The listing is to be returned word for word, without its images.
☆ ☆ ☆
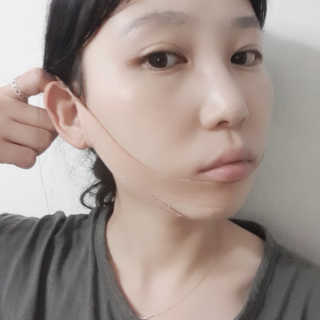 아이디플라코스메틱 아이디 페이스핏 마이너스 밴드 — 2점을 준 리뷰어가 2019년 9월 올린 사용 사진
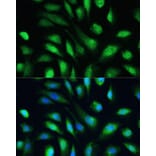 Immunofluorescence - Anti-Galectin 3 Antibody (A92886) - Antibodies.com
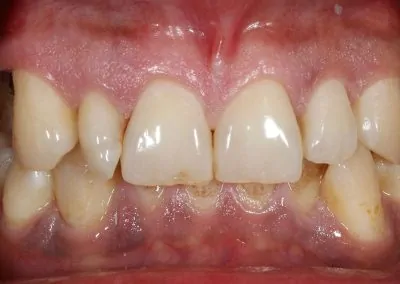 Veneers Case 1 Before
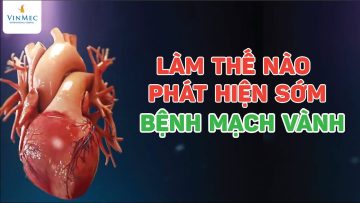 Phát hiện sớm bệnh mạch vành bằng cách nào?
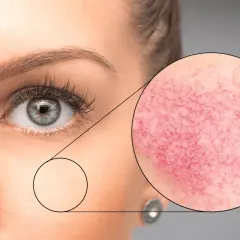 Primer plano de ojo y mejilla, con un círculo que muestra la piel con rojeces y vasos sanguíneos visibles, indicando posible demodex cara.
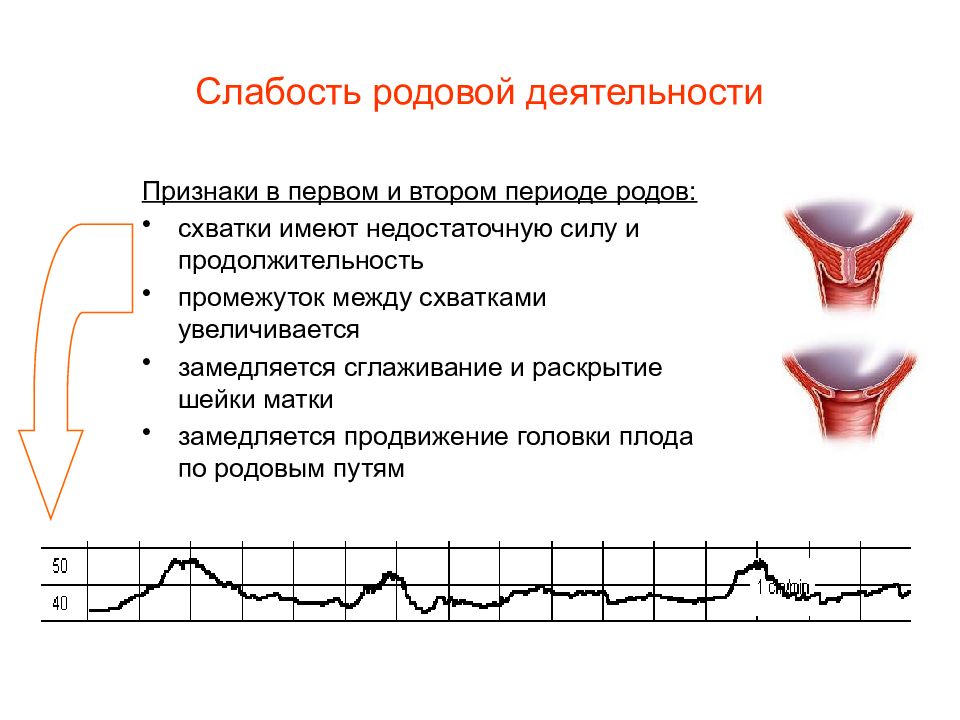 Слабость родовой деятельности презентация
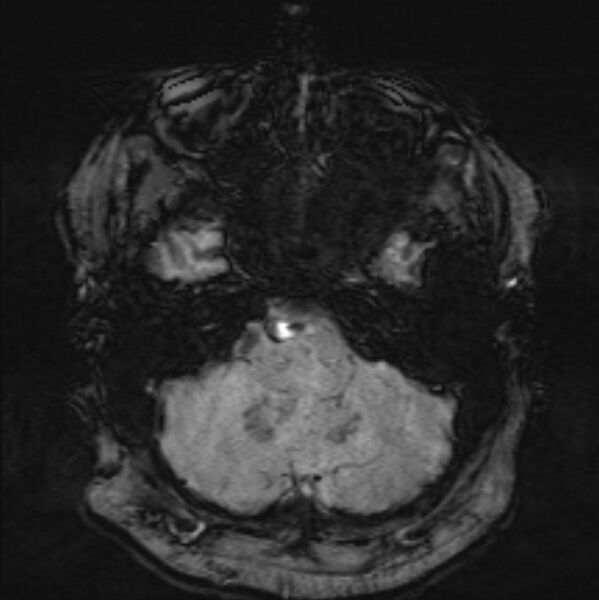 File:Basilar artery dissection (Radiopaedia 77032-88976 Axial SWI 11).jpg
☆ ☆ ☆
◆ **EXERCISE RESPONSE**
 아이디플라코스메틱 아이디 페이스핏 마이너스 밴드 — 2점을 준 리뷰어가 2019년 9월 올린 사용 사진
 Immunofluorescence - Anti-Galectin 3 Antibody (A92886) - Antibodies.com
 Veneers Case 1 Before
 Phát hiện sớm bệnh mạch vành bằng cách nào?
 Primer plano de ojo y mejilla, con un círculo que muestra la piel con rojeces y vasos sanguíneos visibles, indicando posible demodex cara.
 Слабость родовой деятельности презентация
 File:Basilar artery dissection (Radiopaedia 77032-88976 Axial SWI 11).jpg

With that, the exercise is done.